Getting Started
SignalReact is built around three workspaces — Scanner, Market, and Options — each designed for a different stage of your trading workflow. The Scanner finds candidates. The Market workspace gives you macro context. The Options workspace lets you see how institutional and options money is positioning. Used together, they replace the 3–5 separate tools most active traders juggle daily.
Recommended workflow: The recommended workflow: check Market first to understand the regime, then use the Scanner to surface high-convergence setups, then drill into Options to validate the positioning before placing a trade.
Scanner
Finding High-Probability Setups
The Scanner is your starting point. It ranks 250+ actively traded stocks by Convergence Score — a composite measure of how many independent signal layers are aligning on the same ticker at the same time. Unlike traditional screeners that filter by a single metric (P/E ratio, RSI, volume), the Scanner surfaces stocks where multiple dimensions of market data agree directionally.
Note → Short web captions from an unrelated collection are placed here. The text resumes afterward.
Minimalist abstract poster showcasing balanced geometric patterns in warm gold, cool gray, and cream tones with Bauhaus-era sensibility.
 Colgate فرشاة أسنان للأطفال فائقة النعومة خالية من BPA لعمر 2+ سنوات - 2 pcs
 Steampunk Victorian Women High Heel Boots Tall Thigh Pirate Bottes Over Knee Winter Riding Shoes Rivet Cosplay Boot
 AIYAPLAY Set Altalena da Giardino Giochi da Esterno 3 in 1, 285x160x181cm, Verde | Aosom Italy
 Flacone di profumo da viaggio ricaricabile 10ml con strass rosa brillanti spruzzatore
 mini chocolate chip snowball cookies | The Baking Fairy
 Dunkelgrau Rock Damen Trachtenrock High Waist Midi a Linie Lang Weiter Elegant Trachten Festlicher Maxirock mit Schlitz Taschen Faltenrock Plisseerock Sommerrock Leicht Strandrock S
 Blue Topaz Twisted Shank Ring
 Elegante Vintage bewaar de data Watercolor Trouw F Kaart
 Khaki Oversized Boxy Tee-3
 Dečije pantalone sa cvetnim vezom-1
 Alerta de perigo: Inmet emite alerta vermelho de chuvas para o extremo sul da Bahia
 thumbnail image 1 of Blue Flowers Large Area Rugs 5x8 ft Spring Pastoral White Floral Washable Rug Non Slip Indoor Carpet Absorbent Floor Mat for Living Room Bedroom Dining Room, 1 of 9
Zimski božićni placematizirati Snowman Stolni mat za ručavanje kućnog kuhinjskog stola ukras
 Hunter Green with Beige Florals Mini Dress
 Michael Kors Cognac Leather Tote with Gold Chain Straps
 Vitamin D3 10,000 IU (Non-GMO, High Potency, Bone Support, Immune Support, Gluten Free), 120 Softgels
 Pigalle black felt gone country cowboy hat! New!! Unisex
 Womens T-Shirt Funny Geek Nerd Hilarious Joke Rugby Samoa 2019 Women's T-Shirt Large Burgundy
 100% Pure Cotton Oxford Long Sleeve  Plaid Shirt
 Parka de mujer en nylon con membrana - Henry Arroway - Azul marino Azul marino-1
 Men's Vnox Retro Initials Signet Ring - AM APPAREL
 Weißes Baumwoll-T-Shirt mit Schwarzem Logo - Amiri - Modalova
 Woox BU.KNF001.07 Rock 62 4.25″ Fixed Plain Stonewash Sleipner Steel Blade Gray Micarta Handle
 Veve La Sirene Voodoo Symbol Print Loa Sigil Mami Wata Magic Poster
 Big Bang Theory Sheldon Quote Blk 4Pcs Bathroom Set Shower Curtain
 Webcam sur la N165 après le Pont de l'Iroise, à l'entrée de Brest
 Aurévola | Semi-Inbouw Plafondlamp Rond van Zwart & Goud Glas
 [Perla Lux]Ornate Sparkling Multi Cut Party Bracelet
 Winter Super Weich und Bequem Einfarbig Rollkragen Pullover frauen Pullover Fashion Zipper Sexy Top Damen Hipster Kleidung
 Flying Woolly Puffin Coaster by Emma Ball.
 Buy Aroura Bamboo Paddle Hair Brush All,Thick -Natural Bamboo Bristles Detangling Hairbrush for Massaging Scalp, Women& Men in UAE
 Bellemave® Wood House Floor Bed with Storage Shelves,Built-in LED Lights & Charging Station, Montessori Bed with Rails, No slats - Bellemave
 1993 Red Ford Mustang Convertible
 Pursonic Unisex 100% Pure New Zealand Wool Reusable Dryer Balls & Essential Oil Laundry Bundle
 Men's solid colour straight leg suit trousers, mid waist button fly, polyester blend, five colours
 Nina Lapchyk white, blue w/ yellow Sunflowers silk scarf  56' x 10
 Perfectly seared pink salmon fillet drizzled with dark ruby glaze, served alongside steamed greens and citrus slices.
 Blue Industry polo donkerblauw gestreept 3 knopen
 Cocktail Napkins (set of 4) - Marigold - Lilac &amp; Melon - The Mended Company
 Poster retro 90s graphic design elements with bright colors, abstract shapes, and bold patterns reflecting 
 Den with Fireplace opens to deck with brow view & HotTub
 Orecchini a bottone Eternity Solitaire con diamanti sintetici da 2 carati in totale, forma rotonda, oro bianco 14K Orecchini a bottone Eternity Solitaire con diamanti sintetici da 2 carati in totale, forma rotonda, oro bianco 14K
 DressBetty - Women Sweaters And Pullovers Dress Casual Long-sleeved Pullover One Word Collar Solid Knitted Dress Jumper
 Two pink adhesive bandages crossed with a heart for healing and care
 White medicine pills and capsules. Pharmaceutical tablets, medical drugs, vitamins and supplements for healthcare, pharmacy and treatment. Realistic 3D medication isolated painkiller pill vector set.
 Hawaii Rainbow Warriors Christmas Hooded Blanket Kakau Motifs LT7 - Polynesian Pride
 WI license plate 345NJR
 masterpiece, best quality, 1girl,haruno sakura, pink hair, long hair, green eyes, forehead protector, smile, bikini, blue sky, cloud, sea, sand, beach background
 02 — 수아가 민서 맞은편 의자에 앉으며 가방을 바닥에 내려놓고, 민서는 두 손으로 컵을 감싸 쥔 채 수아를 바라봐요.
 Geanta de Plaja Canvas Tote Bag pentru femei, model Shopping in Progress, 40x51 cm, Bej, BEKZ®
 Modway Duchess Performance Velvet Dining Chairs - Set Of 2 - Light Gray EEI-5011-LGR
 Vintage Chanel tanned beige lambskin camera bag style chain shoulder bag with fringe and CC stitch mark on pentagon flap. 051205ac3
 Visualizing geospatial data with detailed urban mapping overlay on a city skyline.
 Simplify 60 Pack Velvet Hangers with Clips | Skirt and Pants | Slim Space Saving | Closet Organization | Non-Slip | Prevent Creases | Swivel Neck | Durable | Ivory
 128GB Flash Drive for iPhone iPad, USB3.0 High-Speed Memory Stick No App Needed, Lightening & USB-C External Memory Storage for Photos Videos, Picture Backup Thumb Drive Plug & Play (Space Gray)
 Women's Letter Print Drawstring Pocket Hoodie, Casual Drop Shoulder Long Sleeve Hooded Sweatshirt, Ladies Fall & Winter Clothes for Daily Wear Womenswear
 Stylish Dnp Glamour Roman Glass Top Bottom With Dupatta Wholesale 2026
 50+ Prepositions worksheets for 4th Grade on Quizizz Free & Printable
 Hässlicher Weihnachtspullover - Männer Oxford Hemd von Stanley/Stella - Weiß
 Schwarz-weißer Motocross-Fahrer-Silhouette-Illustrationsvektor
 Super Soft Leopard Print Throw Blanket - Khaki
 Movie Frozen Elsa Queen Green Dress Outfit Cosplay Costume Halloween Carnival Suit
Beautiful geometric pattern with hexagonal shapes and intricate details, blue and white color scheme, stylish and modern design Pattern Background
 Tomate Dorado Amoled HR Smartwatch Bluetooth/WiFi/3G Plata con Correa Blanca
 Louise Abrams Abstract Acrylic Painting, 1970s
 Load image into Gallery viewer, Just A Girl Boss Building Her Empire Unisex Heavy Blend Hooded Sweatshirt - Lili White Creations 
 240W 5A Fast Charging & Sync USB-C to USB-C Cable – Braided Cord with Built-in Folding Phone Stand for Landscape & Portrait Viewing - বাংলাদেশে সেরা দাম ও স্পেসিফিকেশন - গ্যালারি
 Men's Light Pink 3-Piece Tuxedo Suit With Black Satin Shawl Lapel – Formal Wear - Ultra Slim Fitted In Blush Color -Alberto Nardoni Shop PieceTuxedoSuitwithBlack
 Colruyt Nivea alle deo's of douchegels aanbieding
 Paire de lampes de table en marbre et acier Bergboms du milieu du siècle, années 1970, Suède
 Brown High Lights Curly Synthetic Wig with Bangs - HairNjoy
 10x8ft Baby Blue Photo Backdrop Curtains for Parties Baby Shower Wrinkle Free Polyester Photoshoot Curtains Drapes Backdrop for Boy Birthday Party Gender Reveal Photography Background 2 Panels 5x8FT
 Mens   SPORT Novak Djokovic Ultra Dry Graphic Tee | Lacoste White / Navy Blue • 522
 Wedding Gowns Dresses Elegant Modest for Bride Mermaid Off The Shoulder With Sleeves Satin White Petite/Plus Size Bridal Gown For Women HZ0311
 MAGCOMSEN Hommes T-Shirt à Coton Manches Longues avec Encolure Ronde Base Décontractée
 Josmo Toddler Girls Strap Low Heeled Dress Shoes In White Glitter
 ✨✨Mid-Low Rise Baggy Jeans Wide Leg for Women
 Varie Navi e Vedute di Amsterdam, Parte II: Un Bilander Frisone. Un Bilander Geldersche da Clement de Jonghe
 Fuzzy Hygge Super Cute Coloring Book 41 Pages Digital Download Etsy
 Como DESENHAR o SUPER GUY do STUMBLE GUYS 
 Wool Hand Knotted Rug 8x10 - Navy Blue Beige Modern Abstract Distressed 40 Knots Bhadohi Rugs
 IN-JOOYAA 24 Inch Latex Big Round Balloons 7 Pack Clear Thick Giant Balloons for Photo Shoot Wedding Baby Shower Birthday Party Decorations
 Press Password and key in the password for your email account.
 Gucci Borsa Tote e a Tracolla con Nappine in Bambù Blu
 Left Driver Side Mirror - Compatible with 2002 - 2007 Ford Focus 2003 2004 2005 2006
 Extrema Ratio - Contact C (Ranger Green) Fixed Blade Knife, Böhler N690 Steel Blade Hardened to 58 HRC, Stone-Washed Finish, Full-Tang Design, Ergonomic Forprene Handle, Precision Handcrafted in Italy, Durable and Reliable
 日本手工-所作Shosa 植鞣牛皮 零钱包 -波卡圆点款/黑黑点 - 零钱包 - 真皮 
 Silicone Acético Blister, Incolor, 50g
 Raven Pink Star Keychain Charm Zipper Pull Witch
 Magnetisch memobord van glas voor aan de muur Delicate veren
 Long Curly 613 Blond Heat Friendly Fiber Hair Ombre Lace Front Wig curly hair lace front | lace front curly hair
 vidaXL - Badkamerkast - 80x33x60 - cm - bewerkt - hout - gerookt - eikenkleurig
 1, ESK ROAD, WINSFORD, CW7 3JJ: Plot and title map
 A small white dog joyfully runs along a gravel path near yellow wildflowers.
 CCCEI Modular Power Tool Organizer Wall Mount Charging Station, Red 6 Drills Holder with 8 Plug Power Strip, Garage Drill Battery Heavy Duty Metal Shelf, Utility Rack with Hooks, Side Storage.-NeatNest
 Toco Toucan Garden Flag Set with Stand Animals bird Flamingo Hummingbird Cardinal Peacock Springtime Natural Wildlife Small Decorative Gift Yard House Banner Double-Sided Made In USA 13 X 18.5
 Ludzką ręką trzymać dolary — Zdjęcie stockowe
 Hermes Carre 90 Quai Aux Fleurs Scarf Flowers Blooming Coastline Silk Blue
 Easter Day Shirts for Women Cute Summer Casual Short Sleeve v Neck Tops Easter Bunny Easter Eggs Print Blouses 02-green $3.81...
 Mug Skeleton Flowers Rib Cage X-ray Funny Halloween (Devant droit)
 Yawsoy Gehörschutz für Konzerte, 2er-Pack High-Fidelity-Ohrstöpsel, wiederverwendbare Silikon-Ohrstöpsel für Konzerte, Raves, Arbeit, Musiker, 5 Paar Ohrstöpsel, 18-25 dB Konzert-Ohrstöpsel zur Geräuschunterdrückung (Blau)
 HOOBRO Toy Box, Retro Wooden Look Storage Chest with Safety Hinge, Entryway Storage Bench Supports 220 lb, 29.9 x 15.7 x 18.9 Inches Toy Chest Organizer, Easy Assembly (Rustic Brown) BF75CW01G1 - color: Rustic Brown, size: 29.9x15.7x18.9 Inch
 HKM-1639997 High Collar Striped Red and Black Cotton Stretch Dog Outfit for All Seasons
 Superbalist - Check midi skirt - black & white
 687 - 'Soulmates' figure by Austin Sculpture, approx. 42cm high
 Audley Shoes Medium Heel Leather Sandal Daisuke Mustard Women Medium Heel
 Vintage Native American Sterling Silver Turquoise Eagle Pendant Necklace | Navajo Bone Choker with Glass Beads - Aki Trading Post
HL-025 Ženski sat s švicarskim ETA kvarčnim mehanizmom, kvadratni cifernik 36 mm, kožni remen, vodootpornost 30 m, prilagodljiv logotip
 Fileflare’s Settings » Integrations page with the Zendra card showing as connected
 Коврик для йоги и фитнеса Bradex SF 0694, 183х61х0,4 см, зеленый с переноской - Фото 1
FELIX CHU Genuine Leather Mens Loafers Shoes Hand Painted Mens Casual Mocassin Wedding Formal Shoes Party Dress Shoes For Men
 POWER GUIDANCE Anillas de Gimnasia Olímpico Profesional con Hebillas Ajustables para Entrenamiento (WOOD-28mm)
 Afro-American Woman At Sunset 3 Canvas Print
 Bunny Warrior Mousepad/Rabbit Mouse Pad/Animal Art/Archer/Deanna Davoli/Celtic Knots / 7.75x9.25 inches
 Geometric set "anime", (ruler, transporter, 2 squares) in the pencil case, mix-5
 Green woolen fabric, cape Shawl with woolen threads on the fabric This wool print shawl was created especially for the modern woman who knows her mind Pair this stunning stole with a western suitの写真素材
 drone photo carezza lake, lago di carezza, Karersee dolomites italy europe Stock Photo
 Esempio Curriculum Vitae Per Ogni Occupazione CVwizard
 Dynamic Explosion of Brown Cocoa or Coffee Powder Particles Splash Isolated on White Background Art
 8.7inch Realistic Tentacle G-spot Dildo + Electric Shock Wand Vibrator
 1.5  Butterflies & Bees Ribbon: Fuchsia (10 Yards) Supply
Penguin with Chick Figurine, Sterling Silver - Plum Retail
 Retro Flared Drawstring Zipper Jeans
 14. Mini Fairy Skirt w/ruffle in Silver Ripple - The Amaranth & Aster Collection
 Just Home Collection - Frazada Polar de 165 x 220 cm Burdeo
The Convergence Score Column
Every row in the Scanner shows a CONV score from 0 to 100, color-coded as a heatmap. Cyan (80+) means strong multi-layer alignment — technicals, options flow, institutional positioning, and sentiment are all pointing the same direction. Amber (60–79) is moderate alignment worth monitoring. Red (40–59) means mixed signals. Gray (below 40) means there is no meaningful convergence. The score updates during market hours as new data flows in. A high score does not mean "buy" — it means "multiple independent vectors are aligning, and this deserves your attention."
Reading the Scanner Rows
Each row displays the ticker symbol, current price, daily change percentage, the CONV score heatmap, signal direction (bullish or bearish), and volume ratio. The volume ratio compares today's trading volume to the 20-day average — a ratio above 2.0 means the stock is trading at least double its normal activity, which often signals institutional involvement. Rows are sorted by convergence score by default, putting the highest-conviction setups at the top.
Using Sector Filters
The Scanner supports filtering by sector (Technology, Healthcare, Energy, Financials, etc.) and by search. Use sector filters when you have a thesis about sector rotation — for example, if the Market workspace shows energy outperforming, filter the Scanner to Energy to find the individual stocks leading that move. The search bar lets you quickly check a specific ticker's convergence score without scrolling.
From Scanner to Analysis
Click any ticker in the Scanner to load it in the right pane. This opens the Intelligence Panel with a detailed breakdown: the AI-generated narrative summary, individual layer scores (L1 Technical, L2 Options, L3 Institutional), signal flags (trend direction, MA cross, RSI zone, squeeze status), price targets, and fundamental data. Use the layer breakdown to understand why the score is high or low — a stock with a high L1 (strong chart) but low L2 (weak options flow) is a different setup than one where all three layers are strong.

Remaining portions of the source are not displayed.